-- WORK REQUIRED --
Copy exactly the lines of the data below, beginning with the line with "FILA Suéter gráfico" and ending with the line with "vidaXL Armoire &agrave;". Pictures are to be omitted.

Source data

==*==

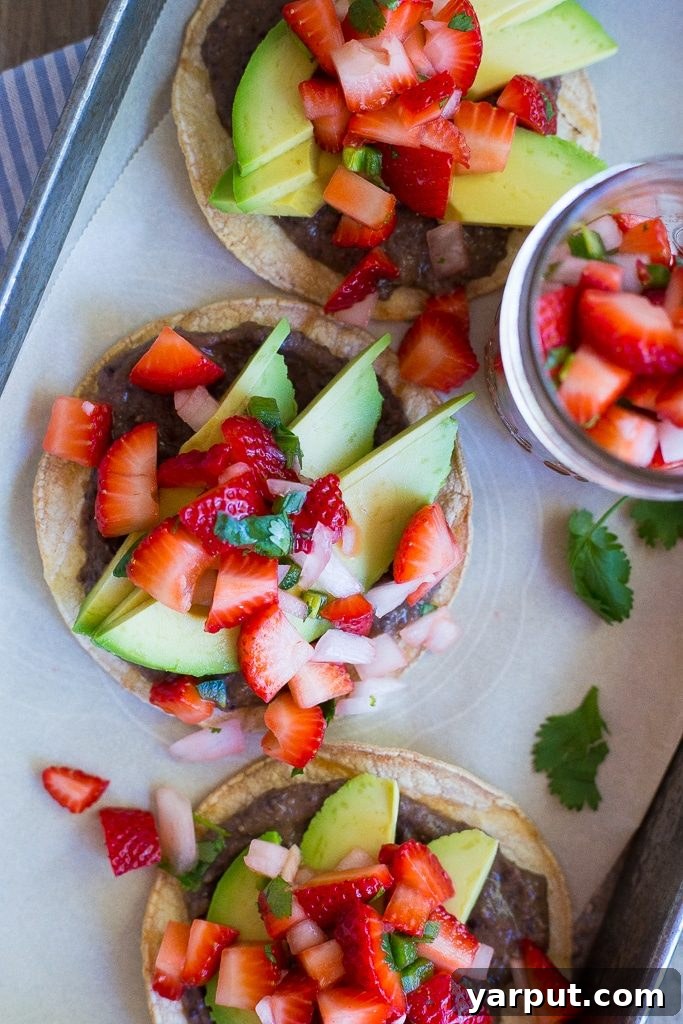 Strawberry Salsa Black Bean and Avocado Tostadas 5 Black Bean & Avocado Tostadas with Strawberry Salsa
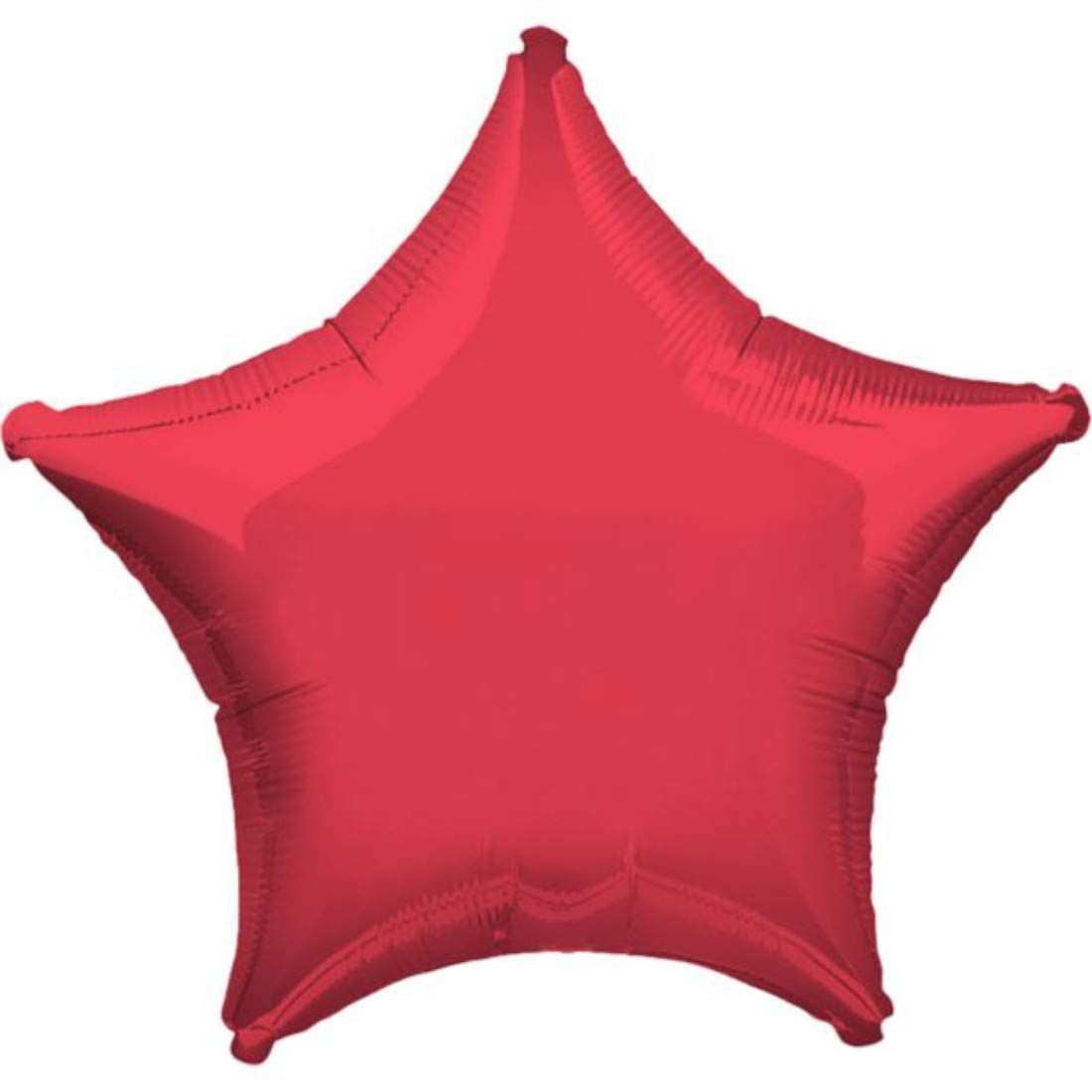 Metallic Red Star - 36&quot; Helium Filled Foil Balloon, Ribbon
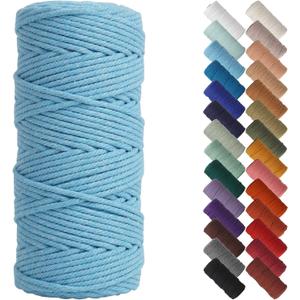 NOANTA Sky Blue Macrame Cord 3mm x 109yards, Colored Macrame Rope, Cotton Rope Macrame Yarn, Colorful Cotton Craft Cord for Wall Hanging, Plant Hangers, Crafts, Knitting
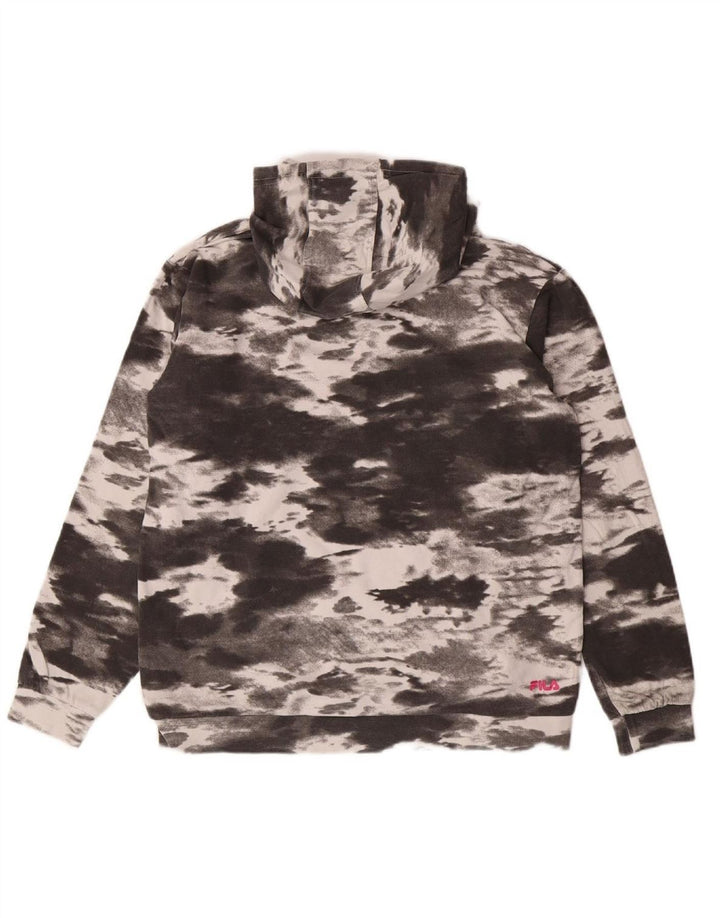 FILA Suéter gráfico feminino com capuz 13-14 anos cinza tie-dye algodão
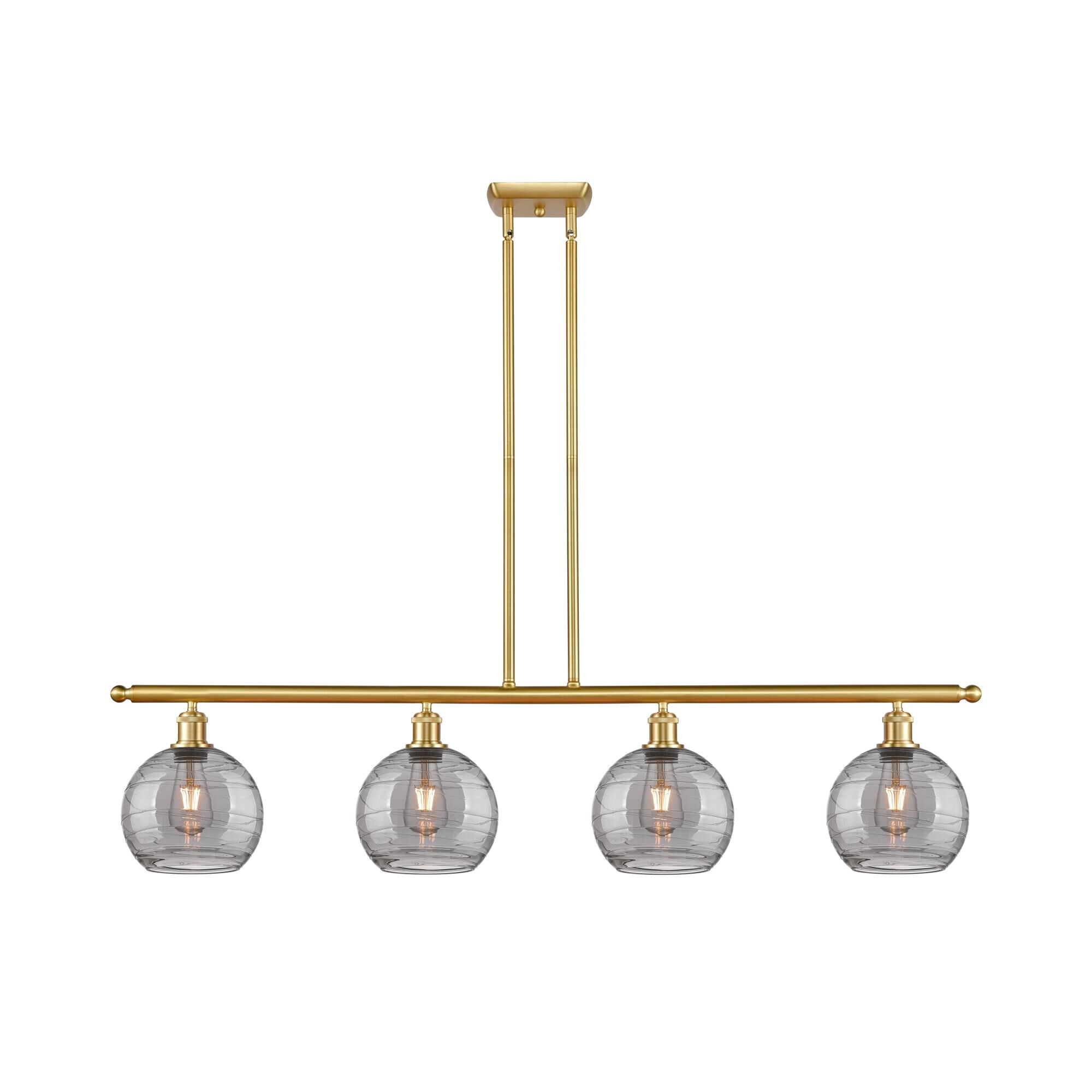 Shown in Satin Gold finish and Light Smoke Deco Swirl glass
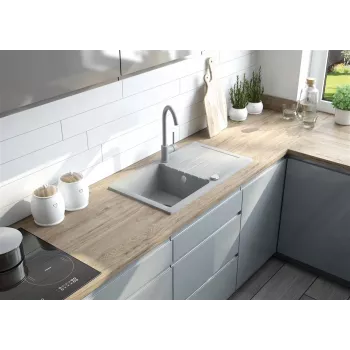 DEANTE Fregadero de granito 1 cubeta con escurridor - Onyx, Fragranite, 620x500mm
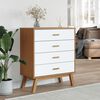 vidaXL Armoire &agrave; tiroirs OLDEN blanc et marron bois de pin solide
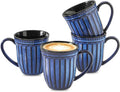 Coffee Mugs Set of 4, 16oz Navy Blue Ceramic Coffee Mug by Tikooere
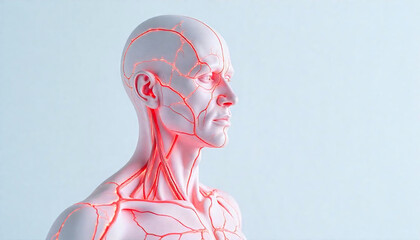 Human anatomy model with highlighted vascular system in red veins and arteries on head and upper body, medical concept showing detailed circulatory structure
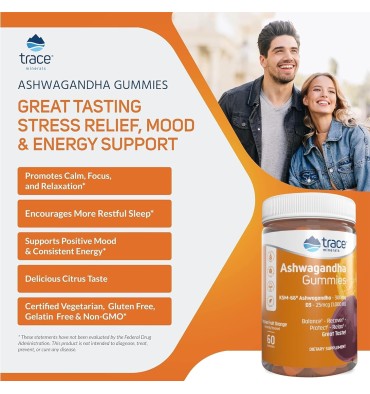 Trace Minerals, Ashwagandha 300 mg. sabor Passion Fruit. 60 gomitas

==*==

-- ANSWER SPACE --
 FILA Suéter gráfico feminino com capuz 13-14 anos cinza tie-dye algodão
 Shown in Satin Gold finish and Light Smoke Deco Swirl glass
 DEANTE Fregadero de granito 1 cubeta con escurridor - Onyx, Fragranite, 620x500mm
 vidaXL Armoire &agrave; tiroirs OLDEN blanc et marron bois de pin solide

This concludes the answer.